Jay Grinney, president and CEO of HealthSouth, said some investors have misinterpreted the across-the-board cuts of 2% in Medicare that go into effect if Congress fails to approve a plan that cuts $1.5 trillion from deficits over 10 years. Those cuts come after Medicare rates have had their annual adjustments under existing laws and regulations, and they do not compound yearly, Grinney said.

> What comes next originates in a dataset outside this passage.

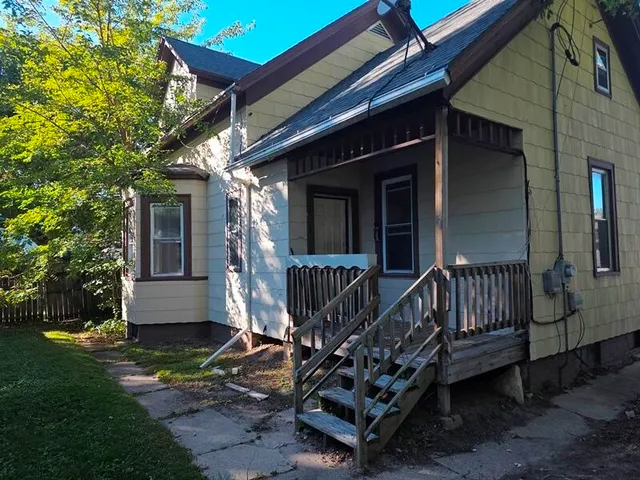 $149,900 | 2507 North 10th Street, Sheboygan, WI 53083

The across-the-board cuts, which would go into effect Oct. 1, 2012, would have an estimated $32 million impact on both net operating revenue and adjusted earnings before interest, taxes, depreciation and amortization in 2013, the first full year they would be in effect, according to HealthSouth. If Congress adopts measures proposed by the National Commission on Fiscal Responsibility and Reform, commissioned by President Barack Obama and commonly known as the Simpson-Bowles commission, the impact in 2012 would be $4 million on net operating revenue and $7 million on adjusted EBITDA, according to the company.
By comparison, the company posted revenue of nearly $2 billion and adjusted EBITDA of $427.4 million for 2010.
Local HealthSouth facility executives are reporting that hospitals in their markets are considering wage freezes and other measures that may reduce the competition for healthcare workers, enabling the company to offer smaller merit increases that could offset about half of the impact of the across-the-board-cut scenario, Grinney said.
When the bill became law, Grinney added, “We didn’t panic. Make no mistake: We didn’t like the prospect of lower Medicare payments, because we already face lower payments under the Affordable Care Act, but we didn’t panic.”